[Stored data]
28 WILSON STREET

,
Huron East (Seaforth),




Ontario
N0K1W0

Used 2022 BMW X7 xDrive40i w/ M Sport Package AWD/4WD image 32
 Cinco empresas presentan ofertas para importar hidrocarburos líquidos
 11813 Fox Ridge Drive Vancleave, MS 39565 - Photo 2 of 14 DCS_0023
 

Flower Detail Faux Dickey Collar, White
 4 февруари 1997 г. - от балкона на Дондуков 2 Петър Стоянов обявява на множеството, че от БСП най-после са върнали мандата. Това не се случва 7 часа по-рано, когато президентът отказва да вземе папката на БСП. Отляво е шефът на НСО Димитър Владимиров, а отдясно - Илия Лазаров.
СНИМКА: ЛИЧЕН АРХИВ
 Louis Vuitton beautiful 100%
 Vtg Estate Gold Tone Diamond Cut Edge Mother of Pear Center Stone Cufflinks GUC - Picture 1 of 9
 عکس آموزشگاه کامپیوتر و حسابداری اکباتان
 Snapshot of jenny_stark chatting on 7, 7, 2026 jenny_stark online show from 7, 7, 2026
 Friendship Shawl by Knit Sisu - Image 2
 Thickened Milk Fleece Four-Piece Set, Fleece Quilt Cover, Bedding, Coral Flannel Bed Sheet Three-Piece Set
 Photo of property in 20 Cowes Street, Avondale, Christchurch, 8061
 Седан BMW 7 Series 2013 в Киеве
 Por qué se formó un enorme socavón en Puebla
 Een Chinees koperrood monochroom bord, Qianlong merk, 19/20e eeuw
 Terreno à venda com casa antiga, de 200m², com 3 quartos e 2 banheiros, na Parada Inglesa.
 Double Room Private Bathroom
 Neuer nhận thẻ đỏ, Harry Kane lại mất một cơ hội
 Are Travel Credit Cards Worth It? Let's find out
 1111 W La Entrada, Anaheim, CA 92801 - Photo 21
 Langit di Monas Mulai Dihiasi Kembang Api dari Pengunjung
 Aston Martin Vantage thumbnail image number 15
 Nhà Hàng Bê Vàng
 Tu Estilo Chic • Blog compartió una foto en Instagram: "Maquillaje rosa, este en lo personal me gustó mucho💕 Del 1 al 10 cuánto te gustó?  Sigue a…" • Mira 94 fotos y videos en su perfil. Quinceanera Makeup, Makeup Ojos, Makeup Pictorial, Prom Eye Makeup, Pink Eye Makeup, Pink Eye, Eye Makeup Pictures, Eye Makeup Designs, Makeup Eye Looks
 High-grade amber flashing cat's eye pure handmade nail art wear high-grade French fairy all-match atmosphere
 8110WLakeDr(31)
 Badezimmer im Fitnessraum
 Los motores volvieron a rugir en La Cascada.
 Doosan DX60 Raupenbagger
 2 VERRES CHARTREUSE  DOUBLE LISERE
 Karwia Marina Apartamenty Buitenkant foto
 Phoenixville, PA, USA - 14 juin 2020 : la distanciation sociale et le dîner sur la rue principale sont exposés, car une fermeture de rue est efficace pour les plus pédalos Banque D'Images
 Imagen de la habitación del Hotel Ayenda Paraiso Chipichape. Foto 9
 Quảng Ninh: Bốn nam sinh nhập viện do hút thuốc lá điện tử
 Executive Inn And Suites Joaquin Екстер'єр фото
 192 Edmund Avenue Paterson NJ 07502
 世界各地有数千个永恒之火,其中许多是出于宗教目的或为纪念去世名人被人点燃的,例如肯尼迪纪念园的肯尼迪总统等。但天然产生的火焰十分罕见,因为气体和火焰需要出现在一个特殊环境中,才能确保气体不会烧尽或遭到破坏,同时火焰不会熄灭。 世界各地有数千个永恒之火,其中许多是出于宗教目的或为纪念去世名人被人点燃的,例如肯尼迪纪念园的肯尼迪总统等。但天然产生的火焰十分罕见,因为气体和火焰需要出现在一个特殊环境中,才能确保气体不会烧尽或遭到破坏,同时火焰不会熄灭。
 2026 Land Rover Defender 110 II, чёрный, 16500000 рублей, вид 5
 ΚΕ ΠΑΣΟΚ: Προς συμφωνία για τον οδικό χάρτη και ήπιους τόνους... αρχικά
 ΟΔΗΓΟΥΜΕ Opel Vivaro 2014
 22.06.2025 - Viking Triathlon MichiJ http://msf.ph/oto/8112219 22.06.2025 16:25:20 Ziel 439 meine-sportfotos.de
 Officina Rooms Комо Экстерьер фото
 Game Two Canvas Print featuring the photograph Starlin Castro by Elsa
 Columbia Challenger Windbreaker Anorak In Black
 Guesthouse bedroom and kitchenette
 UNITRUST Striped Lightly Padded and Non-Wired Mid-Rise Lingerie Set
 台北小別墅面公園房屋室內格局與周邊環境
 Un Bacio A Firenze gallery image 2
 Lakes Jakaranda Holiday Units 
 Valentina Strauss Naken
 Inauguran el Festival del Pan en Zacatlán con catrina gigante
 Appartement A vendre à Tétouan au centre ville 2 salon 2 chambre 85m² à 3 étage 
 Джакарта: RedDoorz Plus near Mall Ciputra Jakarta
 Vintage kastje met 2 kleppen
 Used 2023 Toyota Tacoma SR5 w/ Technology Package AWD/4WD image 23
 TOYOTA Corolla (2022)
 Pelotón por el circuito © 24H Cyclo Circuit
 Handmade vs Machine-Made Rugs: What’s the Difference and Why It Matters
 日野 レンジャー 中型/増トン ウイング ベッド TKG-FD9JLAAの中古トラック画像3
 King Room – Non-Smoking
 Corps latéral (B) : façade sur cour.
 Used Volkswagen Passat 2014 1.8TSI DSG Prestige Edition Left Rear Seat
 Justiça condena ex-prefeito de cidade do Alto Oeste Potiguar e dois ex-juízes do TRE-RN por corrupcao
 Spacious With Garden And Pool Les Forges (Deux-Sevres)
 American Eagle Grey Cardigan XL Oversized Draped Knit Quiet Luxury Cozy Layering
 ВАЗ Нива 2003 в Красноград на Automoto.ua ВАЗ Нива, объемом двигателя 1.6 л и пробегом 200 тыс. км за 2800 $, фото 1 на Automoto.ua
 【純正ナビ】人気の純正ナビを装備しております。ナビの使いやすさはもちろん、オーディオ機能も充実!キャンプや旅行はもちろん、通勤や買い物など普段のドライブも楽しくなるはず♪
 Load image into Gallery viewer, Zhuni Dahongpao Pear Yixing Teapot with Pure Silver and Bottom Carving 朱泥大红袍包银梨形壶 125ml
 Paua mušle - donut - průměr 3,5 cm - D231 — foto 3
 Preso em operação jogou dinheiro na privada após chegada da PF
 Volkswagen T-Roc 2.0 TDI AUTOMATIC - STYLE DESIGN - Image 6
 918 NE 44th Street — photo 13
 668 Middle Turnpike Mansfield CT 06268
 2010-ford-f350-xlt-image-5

### Task item
Of the entries listed above, reproduce only the lines starting at the line containing "Imagen de la" and ending at the line containing "192 Edmund Avenue Paterson NJ 07502". Include both, exactly as they stand.

### Solved problem
 Imagen de la habitación del Hotel Ayenda Paraiso Chipichape. Foto 9
 Quảng Ninh: Bốn nam sinh nhập viện do hút thuốc lá điện tử
 Executive Inn And Suites Joaquin Екстер'єр фото
 192 Edmund Avenue Paterson NJ 07502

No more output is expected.